Le conflit au Yémen trouve son origine dans la lutte qui oppose les partisans d’Ali Abdullah Saleh, déposé en 2011 après 33 années de règne sans partage, et ceux du président légitime Abd-Rabbu Mansour Hadi. Alliés aux troupes restées fidèles à l’ancien président Saleh, les rebelles Houthi, tribu chiite originaire des zones montagneuses du nord du Yémen, ont renversé le président Hadi et conquis la capitale Sanaa en septembre 2014, progressant jusqu’au port d’Aden, troisième ville du pays et capitale de l’ancien Yémen du Sud.
Une coalition de pays arabes et musulmans dirigée par l’Arabie saoudite a lancé en mars 2015 une campagne d’opérations aériennes puis terrestres, assorties d’un blocus naval[1], afin de restaurer le président Hadi. Malgré des années d’affrontements meurtriers et un rapport de force disproportionné, la coalition n’a pas réussi à atteindre ses objectifs. Les rebelles Houthi tiennent toujours la capitale Sanaa et le nord du pays. Le conflit a permis le développement d’al-Qaïda dans la péninsule arabique (AQPA), connu pour avoir commandité l’attentat de Charlie Hebdo, et l’émergence de l’Etat islamique en Irak et au Levant, dont la branche locale a revendiqué le 5 novembre 2017 le dernier attentat visant à Aden des militaires fidèles au président Hadi.
Confrontés à un conflit aux conséquences humanitaires terribles (plus de 5 000 morts, des millions de civils victimes de la famine et une épidémie de choléra touchant plus de 900 000 personnes), les pays occidentaux peinent à reconnaître le caractère disproportionné des frappes de la coalition et préfèrent condamner systématiquement les tirs de missiles lancés depuis le territoire yéménite vers l’Arabie saoudite que les bombardements saoudiens visant sans discrimination les populations yéménites.

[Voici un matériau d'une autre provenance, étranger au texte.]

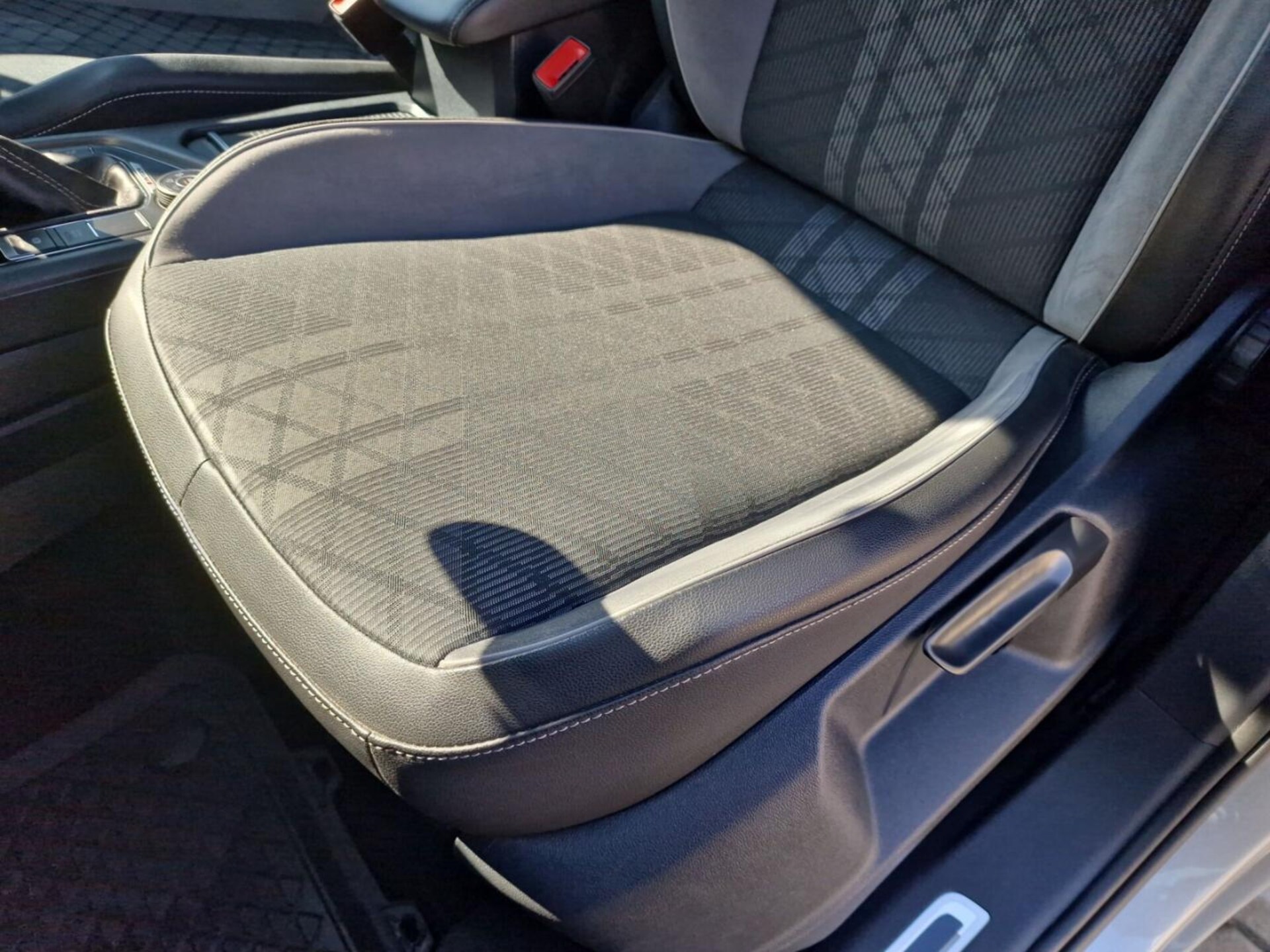 Volkswagen Tiguan Allspace R-Line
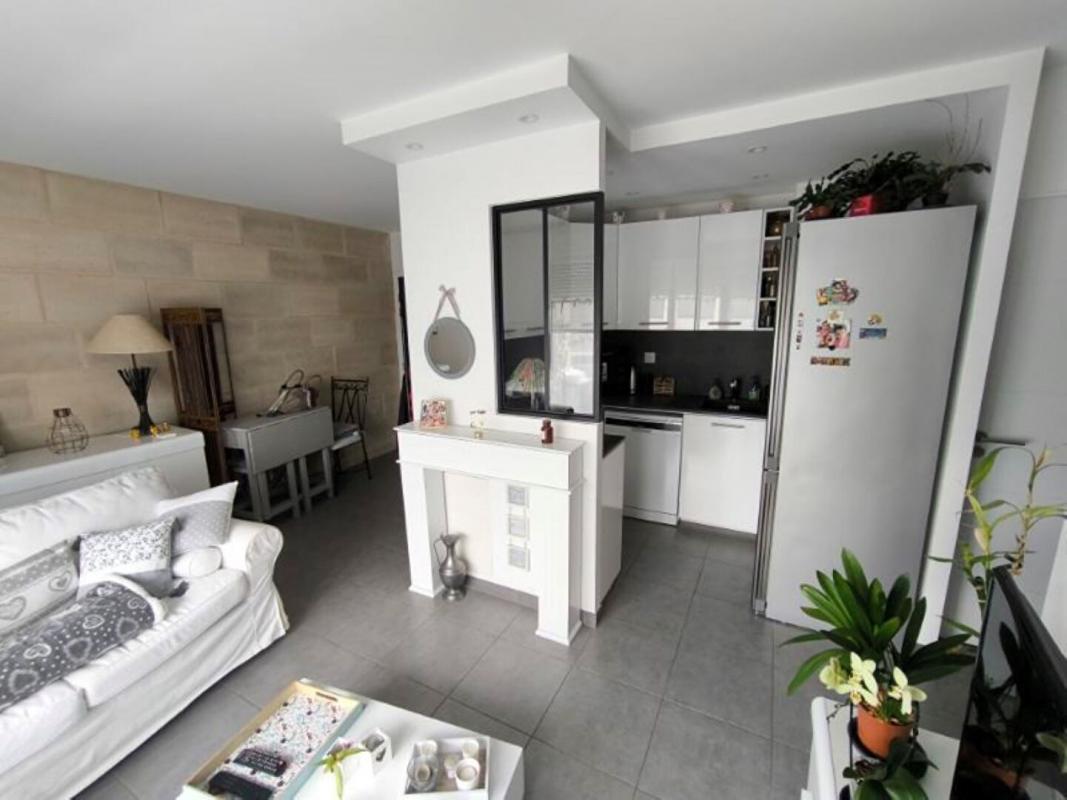 Photo 2 — CANDAT IMMOBILIER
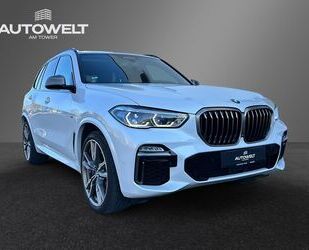 BMW X5 M50 Gebrauchtwagen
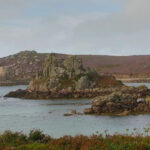 Bryher, Isles of Scilly, UK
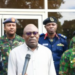 DPO’s Murder: IGP, Arase Order Arrest, Prosecution Of Culprits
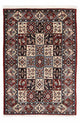 Moud Mattan 198x288cm - Persisk matta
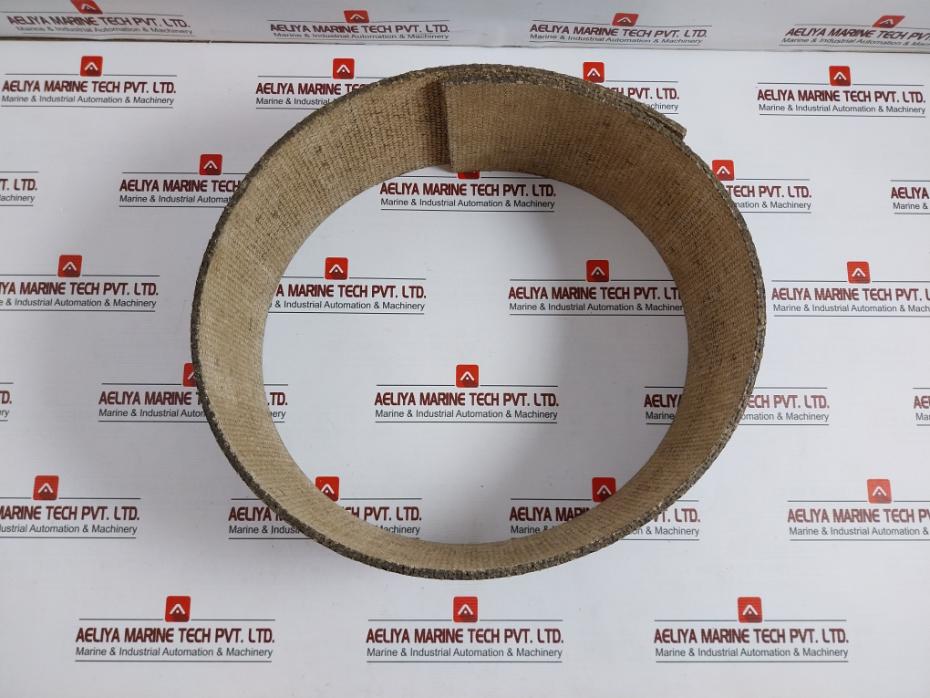Us 2010 Industrial Brake Lining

Récemment, Nika Halley, représentante des Etats-Unis auprès des Nations-Unies, a condamné l’Iran, accusant le 7 novembre ce pays de violer les résolutions du Conseil de sécurité et de fournir des armes aux rebelles Houthi. Aucune mention n’a été faite des bombardements de la coalition sur les populations civiles ni des conséquences tragiques de l’embargo.
Le 5 novembre 2017, le ministre français de l’Europe et des affaires étrangères avait déjà condamné « avec la plus grande fermeté » le tir balistique contre Riyad revendiqué par les rebelles Houthis, rappelant que « la France se tient au côté de l’Arabie saoudite et réaffirme son plein soutien à la sécurité du Royaume face aux menaces auxquelles il est confronté. » Sans viser directement l’Iran, Jean-Yves Le Drian avait toutefois évoqué le danger que la prolifération balistique fait courir à l’ensemble de la région. Le 18 septembre, lors du point de presse quotidien, le porte-parole du ministère avait timidement “appelé à l’arrêt des attaques contre toutes les populations civiles, où qu’elles se trouvent”.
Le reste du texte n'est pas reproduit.